Create a storage account
- Return to the home page of the Azure portal, and then select the +Create a resource button, search for storage account, and create a Storage account resource with the following settings:
- Subscription: Your Azure subscription
- Resource group: *The same resource group as your Azure AI Search and Azure AI Services resources
- Storage account name: Enter a unique name
- Region: Choose any available region
- Performance: Standard
- Redundancy: Locally-redundant storage (LRS)
- On the Advanced tab, check the box next to Allow enabling anonymous access on individual containers
- Wait for deployment to complete, and then go to the deployed resource.
- On the Overview page, note the Subscription ID -this identifies the subscription in which the storage account is provisioned.
-
On the Access keys page, note that two keys have been generated for your storage account. Then select Show keys to view the keys.
Tip: Keep the Storage Account blade open - you will need the subscription ID and one of the keys in the next procedure.
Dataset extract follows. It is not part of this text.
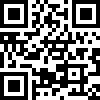 https://khabaronline.ir/xnJFx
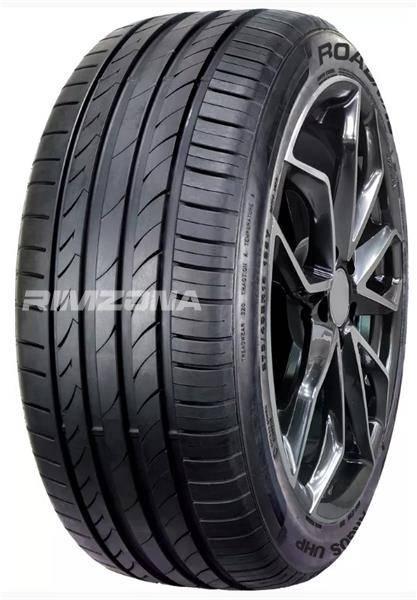 Шина ROADKING ARGOS UHP 235/50 R19 103Y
Prepare to develop an app in Visual Studio Code
You’ll develop your search app using Visual Studio Code. The code files for your app have been provided in a GitHub repo.
Tip: If you have already cloned the mslearn-knowledge-mining repo, open it in Visual Studio code. Otherwise, follow these steps to clone it to your development environment.
- Start Visual Studio Code.
- Open the palette (SHIFT+CTRL+P) and run a Git: Clone command to clone the
https://github.com/MicrosoftLearning/mslearn-knowledge-mining
repository to a local folder (it doesn’t matter which folder). - When the repository has been cloned, open the folder in Visual Studio Code.
-
Wait while additional files are installed to support the C# code projects in the repo.
Note: If you are prompted to add required assets to build and debug, select Not Now.
Upload Documents to Azure Storage
Now that you have the required resources, you can upload some documents to your Azure Storage account.
- In Visual Studio Code, in the Explorer pane, expand the Labfiles\01-azure-search folder and select UploadDocs.cmd.
- Edit the batch file to replace the YOUR_SUBSCRIPTION_ID, YOUR_AZURE_STORAGE_ACCOUNT_NAME, and YOUR_AZURE_STORAGE_KEY placeholders with the appropriate subscription ID, Azure storage account name, and Azure storage account key values for the storage account you created previously.
- Save your changes, and then right-click the 01-azure-search folder and open an integrated terminal.
-
Enter the following command to sign into your Azure subscription by using the Azure CLI.
az login
A web browser tab will open and prompt you to sign into Azure. Do so, and then close the browser tab and return to Visual Studio Code.
-
Enter the following command to run the batch file. This will create a blob container in your storage account and upload the documents in the data folder to it.
.\UploadDocs.cmd
Index the documents
Now that you have the documents in place, you can create a search solution by indexing them.
- In the Azure portal, browse to your Azure AI Search resource. Then, on its Overview page, select Import data.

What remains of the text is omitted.